NLTK provides an interface to the Scikit-learn (sklearn) classifiers - including maximum entropy and SVM.
from nltk.classify import SklearnClassifier
train_data = [({"a": 4, "b": 1, "c": 0}, "ham"),
({"a": 5, "b": 2, "c": 1}, "ham"),
({"a": 0, "b": 3, "c": 4}, "spam"),
({"a": 5, "b": 1, "c": 1}, "ham"),
({"a": 1, "b": 4, "c": 3}, "spam")]
test_data = [{"a": 3, "b": 2, "c": 1},
{"a": 0, "b": 3, "c": 7}]
from sklearn.naive_bayes import BernoulliNB
classif = SklearnClassifier(BernoulliNB()).train(train_data)
classif.classify_many(test_data)
['ham', 'spam']
from sklearn.svm import SVC
classif = SklearnClassifier(SVC(), sparse=False).train(train_data)
classif.classify_many(test_data)
['ham', 'spam']
# Using the sklearn classifier:
X = [[0], [1], [2], [3]]
Y = [0, 1, 2, 3]
clf = SVC(kernel='linear', C=1.0)
clf.fit(X, Y)
SVC(C=1.0, cache_size=200, class_weight=None, coef0=0.0, decision_function_shape=None, degree=3, gamma='auto', kernel='linear', max_iter=-1, probability=False, random_state=None, shrinking=True, tol=0.001, verbose=False)
classifr = SklearnClassifier(SVC(kernel='rbf', C=1.0), sparse=False).train(train_data)
classifr.classify_many(test_data)
['ham', 'spam']
from sklearn.svm import LinearSVC
classif_ova = SklearnClassifier(LinearSVC(C=1.0), sparse=False).train(train_data)
classif_ova.classify_many(test_data)
['ham', 'spam']
The key parameter to optimize for a given SVM kernel is the C parameter. Here is example code from sklearn that shows how to optimize C on a development set.
%matplotlib inline
import numpy as np
from sklearn import cross_validation, datasets, svm
digits = datasets.load_digits()
X = digits.data
y = digits.target
svc = svm.SVC(kernel='linear')
C_s = np.logspace(-10, 0, 10)
scores = list()
scores_std = list()
for C in C_s:
svc.C = C
this_scores = cross_validation.cross_val_score(svc, X, y, n_jobs=1)
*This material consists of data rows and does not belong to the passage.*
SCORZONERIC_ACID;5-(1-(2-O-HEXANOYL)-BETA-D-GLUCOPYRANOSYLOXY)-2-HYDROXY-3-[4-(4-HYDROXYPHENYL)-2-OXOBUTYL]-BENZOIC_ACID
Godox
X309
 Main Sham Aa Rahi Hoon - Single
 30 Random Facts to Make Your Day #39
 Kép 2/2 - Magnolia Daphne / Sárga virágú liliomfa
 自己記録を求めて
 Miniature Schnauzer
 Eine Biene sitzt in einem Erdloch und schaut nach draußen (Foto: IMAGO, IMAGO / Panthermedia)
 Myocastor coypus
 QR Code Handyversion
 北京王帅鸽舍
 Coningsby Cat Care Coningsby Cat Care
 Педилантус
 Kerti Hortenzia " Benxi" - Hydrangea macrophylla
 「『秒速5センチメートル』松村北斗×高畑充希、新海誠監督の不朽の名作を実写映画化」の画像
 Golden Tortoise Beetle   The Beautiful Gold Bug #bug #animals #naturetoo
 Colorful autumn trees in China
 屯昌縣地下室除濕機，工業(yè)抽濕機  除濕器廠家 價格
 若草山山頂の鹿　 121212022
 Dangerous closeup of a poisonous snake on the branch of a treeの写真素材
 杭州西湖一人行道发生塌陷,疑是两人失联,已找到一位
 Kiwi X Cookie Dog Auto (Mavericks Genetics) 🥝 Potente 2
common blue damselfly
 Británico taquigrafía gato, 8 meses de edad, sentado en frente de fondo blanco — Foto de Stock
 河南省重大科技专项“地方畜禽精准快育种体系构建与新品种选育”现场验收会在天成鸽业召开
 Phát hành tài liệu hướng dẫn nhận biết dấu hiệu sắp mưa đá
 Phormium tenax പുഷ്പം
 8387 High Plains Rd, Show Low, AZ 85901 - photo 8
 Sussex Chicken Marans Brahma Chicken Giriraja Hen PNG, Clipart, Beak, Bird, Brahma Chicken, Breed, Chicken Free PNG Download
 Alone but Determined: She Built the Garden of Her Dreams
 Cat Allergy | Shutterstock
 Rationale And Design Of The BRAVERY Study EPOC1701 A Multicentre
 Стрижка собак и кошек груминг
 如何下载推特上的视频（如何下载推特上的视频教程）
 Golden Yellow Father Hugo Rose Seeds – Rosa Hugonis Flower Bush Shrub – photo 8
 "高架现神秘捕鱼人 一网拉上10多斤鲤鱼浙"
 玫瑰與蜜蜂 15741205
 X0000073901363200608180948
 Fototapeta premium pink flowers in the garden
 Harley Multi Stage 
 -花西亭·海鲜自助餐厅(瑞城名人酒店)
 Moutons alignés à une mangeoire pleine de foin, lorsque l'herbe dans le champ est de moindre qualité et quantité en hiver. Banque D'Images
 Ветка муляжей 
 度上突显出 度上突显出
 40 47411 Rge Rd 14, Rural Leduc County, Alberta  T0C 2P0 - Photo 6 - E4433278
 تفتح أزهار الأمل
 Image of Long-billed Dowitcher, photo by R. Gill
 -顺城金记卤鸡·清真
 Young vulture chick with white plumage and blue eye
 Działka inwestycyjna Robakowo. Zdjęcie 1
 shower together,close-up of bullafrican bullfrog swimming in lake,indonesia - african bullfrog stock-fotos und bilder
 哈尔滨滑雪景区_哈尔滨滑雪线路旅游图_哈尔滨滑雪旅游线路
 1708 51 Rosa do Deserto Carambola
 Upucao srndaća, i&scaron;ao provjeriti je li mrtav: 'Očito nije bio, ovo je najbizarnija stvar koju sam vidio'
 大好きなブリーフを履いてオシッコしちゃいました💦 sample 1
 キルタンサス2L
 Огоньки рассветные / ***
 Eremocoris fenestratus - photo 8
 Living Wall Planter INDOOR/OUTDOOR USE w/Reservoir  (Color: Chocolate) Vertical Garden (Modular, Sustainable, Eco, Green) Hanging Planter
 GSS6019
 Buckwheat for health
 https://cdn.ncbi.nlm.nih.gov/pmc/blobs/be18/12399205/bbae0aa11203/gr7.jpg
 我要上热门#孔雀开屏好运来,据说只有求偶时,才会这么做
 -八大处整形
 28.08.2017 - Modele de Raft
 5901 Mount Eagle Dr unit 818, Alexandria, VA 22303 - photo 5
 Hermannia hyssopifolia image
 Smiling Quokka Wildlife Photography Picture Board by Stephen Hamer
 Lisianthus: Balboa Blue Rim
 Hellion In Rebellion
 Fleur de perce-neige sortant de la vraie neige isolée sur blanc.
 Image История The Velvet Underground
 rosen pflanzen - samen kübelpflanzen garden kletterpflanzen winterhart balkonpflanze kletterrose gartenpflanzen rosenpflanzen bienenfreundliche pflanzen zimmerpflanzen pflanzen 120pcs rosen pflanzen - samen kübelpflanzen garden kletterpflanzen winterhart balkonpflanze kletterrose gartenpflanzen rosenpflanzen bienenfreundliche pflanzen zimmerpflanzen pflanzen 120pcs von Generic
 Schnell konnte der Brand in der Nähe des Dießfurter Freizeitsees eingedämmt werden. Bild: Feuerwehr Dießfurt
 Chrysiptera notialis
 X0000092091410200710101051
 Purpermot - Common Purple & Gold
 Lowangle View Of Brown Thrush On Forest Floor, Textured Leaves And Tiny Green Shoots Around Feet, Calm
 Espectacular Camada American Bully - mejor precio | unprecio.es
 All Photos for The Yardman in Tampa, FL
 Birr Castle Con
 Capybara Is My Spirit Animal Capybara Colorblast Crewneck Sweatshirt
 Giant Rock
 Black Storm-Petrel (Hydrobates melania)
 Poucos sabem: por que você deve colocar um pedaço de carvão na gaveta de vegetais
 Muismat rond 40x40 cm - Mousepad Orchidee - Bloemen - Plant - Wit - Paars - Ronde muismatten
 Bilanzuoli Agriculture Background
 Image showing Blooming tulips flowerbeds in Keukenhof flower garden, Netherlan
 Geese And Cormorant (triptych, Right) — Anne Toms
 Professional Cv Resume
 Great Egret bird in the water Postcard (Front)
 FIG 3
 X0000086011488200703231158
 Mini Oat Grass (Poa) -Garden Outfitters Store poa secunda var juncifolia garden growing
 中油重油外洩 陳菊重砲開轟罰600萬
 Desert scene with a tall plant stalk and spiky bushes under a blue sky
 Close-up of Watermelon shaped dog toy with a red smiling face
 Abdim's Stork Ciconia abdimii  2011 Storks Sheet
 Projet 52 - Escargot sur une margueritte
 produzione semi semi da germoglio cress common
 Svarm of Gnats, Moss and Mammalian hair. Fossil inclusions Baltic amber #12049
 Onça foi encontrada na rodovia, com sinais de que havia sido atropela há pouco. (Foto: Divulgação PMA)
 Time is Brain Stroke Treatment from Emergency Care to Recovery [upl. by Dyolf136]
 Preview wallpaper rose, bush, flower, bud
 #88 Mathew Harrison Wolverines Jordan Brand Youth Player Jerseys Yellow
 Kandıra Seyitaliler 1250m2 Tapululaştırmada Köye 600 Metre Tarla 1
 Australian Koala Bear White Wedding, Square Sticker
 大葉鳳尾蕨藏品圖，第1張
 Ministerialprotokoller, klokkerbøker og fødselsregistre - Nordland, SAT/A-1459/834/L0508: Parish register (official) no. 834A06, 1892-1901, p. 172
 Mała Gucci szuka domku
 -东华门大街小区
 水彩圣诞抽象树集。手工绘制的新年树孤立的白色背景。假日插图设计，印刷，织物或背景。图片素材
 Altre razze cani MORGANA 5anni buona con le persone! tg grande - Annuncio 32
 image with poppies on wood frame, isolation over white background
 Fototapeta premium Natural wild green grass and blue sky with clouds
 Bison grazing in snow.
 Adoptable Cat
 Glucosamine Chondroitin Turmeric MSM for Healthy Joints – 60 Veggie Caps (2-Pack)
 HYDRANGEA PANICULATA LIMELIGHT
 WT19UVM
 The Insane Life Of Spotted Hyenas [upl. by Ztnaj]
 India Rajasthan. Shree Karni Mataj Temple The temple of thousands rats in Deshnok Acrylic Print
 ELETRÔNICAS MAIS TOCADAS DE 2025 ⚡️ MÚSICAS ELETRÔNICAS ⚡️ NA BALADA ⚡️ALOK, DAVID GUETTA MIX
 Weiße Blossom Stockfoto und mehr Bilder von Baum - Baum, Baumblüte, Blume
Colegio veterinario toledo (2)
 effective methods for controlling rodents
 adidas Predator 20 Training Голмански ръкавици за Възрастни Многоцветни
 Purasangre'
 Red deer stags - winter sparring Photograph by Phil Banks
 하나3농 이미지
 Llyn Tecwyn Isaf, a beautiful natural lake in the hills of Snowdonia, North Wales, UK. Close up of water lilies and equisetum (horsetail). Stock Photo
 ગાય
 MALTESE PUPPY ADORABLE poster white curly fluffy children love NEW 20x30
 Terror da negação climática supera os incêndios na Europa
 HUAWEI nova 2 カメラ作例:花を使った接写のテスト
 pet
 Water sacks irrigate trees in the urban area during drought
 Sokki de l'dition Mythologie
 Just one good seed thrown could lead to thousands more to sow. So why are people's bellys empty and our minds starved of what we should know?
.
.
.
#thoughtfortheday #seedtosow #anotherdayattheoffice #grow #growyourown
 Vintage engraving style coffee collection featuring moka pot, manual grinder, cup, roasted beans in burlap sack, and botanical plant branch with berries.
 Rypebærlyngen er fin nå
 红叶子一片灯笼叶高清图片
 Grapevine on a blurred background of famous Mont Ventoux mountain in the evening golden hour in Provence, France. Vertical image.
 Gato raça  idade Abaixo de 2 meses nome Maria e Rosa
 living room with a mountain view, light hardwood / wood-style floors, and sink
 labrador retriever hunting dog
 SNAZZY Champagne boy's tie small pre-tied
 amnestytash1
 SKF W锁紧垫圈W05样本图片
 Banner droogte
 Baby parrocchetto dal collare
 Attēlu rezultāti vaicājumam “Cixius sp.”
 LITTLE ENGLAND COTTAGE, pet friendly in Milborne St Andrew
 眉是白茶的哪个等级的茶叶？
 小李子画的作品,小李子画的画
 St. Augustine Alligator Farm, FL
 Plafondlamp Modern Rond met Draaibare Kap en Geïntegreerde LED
scores.append(np.mean(this_scores))
scores_std.append(np.std(this_scores))
# Do the plotting
import matplotlib.pyplot as plt
plt.figure(1, figsize=(4, 3))
plt.clf()
plt.semilogx(C_s, scores)
plt.semilogx(C_s, np.array(scores) + np.array(scores_std), 'b--')
plt.semilogx(C_s, np.array(scores) - np.array(scores_std), 'b--')
locs, labels = plt.yticks()
plt.yticks(locs, list(map(lambda x: "%g" % x, locs)))
plt.ylabel('CV score')
plt.xlabel('Parameter C')
plt.ylim(0, 1.1)
plt.show()